Expertise. Dans ces conditions, comment faire passer au mieux des messages autour du déconfinement à venir, puis de la question de la vaccination ? «D’abord regarder précisément ce qui s’est passé», fait remarquer le Pr Didier Houssin, qui dirige le groupe des experts de l’OMS sur le Covid et qui a travaillé avec Jean Castex sur le déconfinement en avril. «Ce n’est pas le déconfinement à proprement parler en mai et juin qui s’est mal passé, c’est après. C’est le suivi. En juillet et août, on a laissé faire, cela ne bougeait pas trop, puis en septembre les priorités ont été plutôt tournées vers l’économie.» Aurait-il fallu alors prendre des mesures plus contraignantes ? «Ce n’est jamais souhaitable, note François Bourdillon. Pour autant, lorsqu’Agnès Buzyn a décidé l’obligation vaccinale en 2018, cela a plutôt bien fonctionné car elle a pris une position claire et transparente, avec une expertise incontestée.» Et de citer un autre exemple. «On nous dit que l’isolement des personnes infectées aurait dû être plus contraignant cet été, mais on oublie de rappeler qu’il y avait un problème d’accès aux tests aussi. En plus, le traçage est un vrai métier.»

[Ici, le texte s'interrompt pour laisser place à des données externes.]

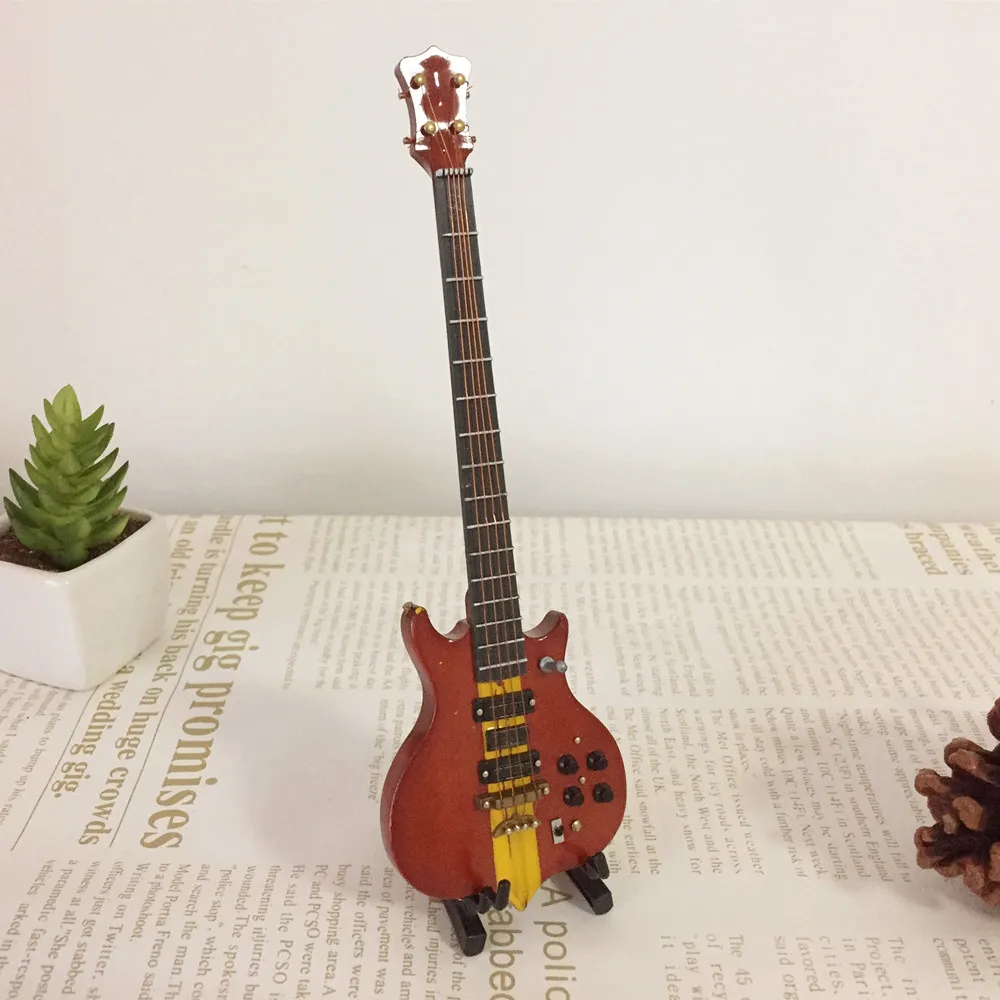 Миниатюрная модель мини-гитары, электрическая бас-гитара, миниатюрная модель деревянного мини-музыкального инструмента, коллекция моделей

«Sur le vaccin, on nous promet la transparence, s’inquiète pour sa part Bernard Bégaud, mais où est-elle actuellement ? On ne sait toujours rien sur les conditions de pré-achat, sur le prix, sur les conditions de prescription, voire sur les effets secondaires.» Didier Houssin se montre plus pragmatique : «En matière de stratégie vaccinale, il faut envisager tous les aspects, y compris techniques. Comment le vaccin va-t-il être présenté, en individuel ou en vaccination collective ? On nous a accusés pour la grippe H1N1 en 2009 de ne pas avoir fait appel aux médecins de ville. Mais les vaccins en seringue individuelle n’allaient arriver qu’un mois après les vaccins collectifs. D’où le choix de ces centres collectifs. Organiser une campagne de vaccination ne se résume pas à une problématique d’obligation.» Le Comité d’éthique va d’ailleurs se pencher sur cette question.
On le voit bien, l’équation à résoudre dans les jours à venir est à multiples inconnues, qui plus est dans un pays qui reste fortement individualiste. «La santé publique, c’est penser aux autres», nous fait joliment remarquer Didier Sicard, ex-président du Comité d’éthique. «C’est une affaire de démocratie sanitaire, poursuit dans la même veine un ancien directeur général de la santé. Tous les acteurs sont interdépendants. Or un fonctionnement jupitérien, avec des décisions prises sans débat public autour d’un Conseil de défense dont rien ne filtre, n’est peut-être pas la meilleure des stratégies pour emporter l’adhésion de tous.»